Note how the previous two header entries have disappeared. They were meant for the gateway application only. Having extracted the purchasing department's location from the enterprise directory, the gateway application forwards the message to purchasing.skatestown.com. A new header entry is meant for the final recipient of the message. The entry specifies the security identity of the message originator as /External/Partners/PartnerA. This identity was presumably obtained from SkatesTown's security system following the successful authentication of partner A. The applications in the purchasing department will use this identity to check whether partner A is authorized to perform the operation requested in the SOAP message body.
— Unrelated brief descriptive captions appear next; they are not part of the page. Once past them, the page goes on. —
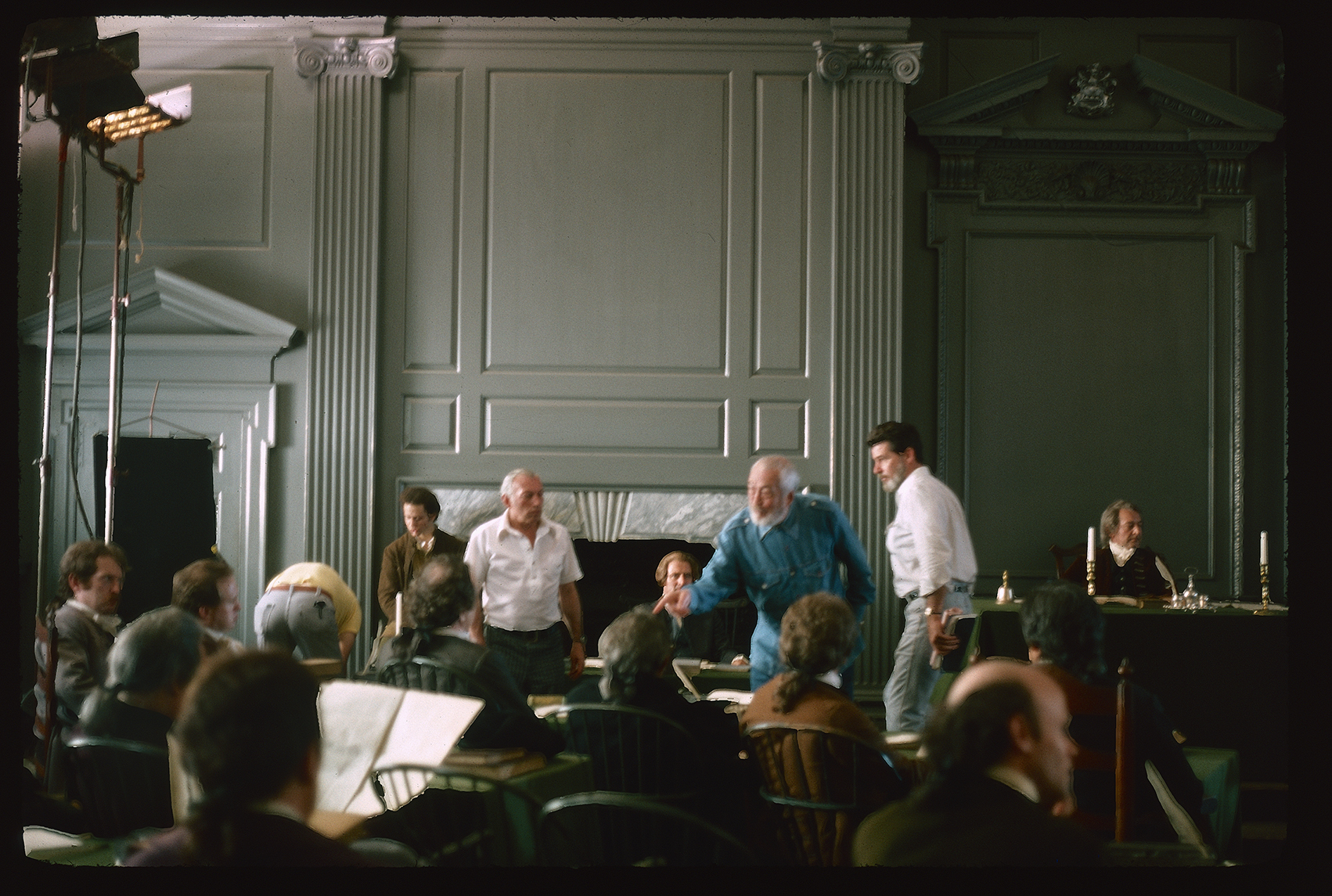 Independence Hall. Interior. 1st floor, Assembly Room. Looking southeast. Making of "Independence" John Huston Visitor Center Film. Director John Huston in center with blue shirt.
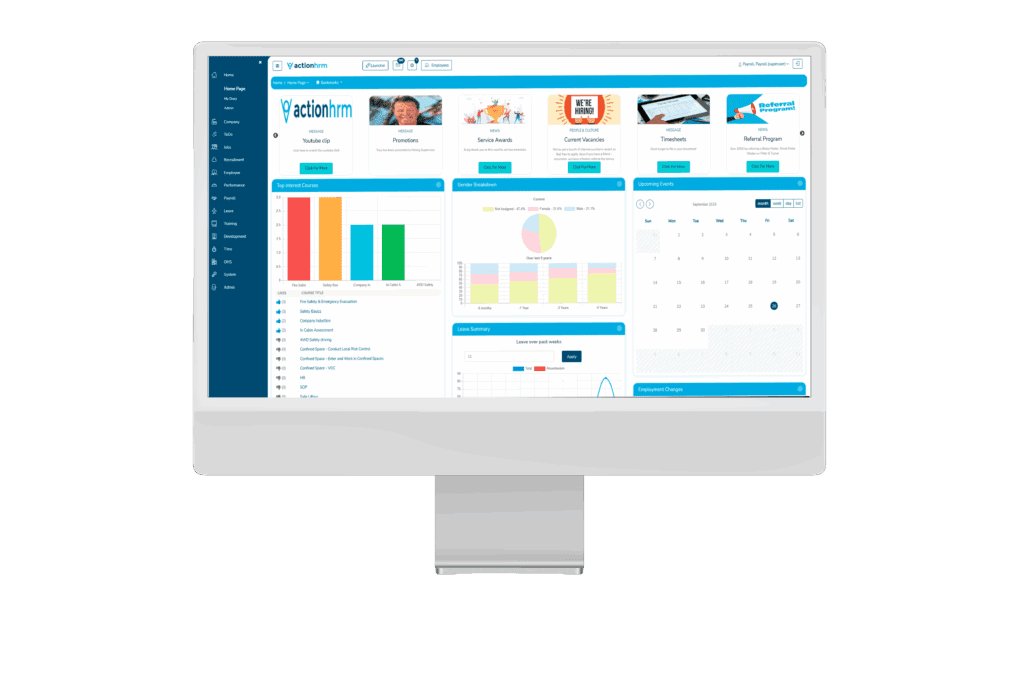 ActionHRM is a leading Australian owned and operated configurable full employee lifecycle HR SaaS solution for the global mid-market, servicing organisation sizes ranging from 100 to 5000+ employees, across all sectors.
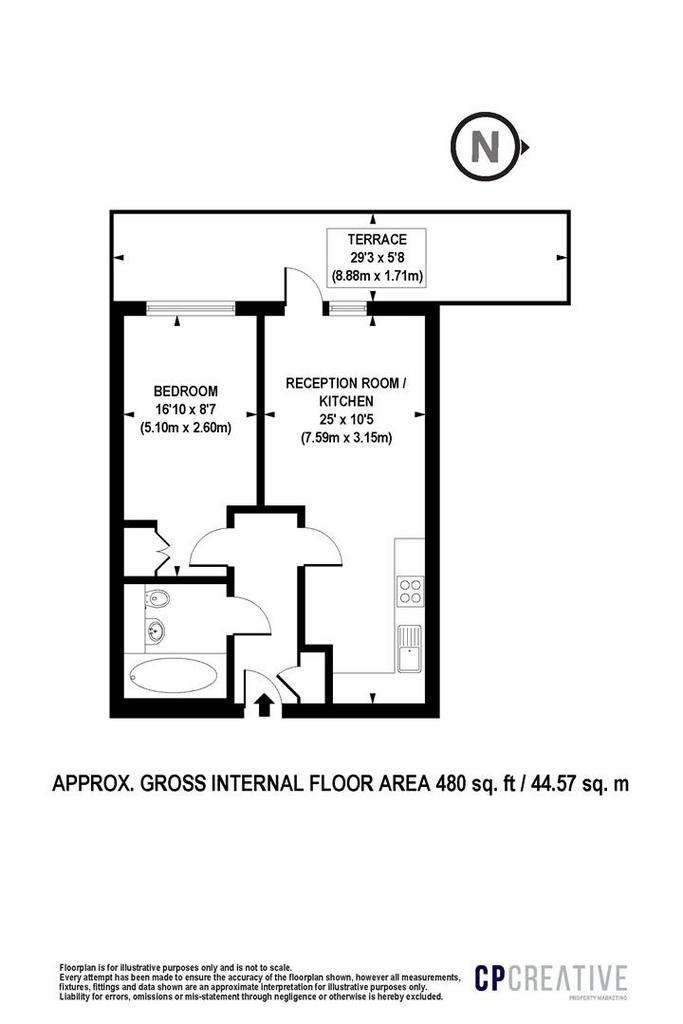 1 bedroom flat to rent - floorplan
This example scenario shows that intermediaries bring significant capabilities to SOAP-enabled applications and can be introduced and implemented at a fairly low cost. The inventory check service implementation does not need to change. The partner gateway does not need to know anything about inventory checking; it only understands the target department and authentication headers. Inventory check clients only need to add a couple of headers to the messages they are sending to fit in the new architecture.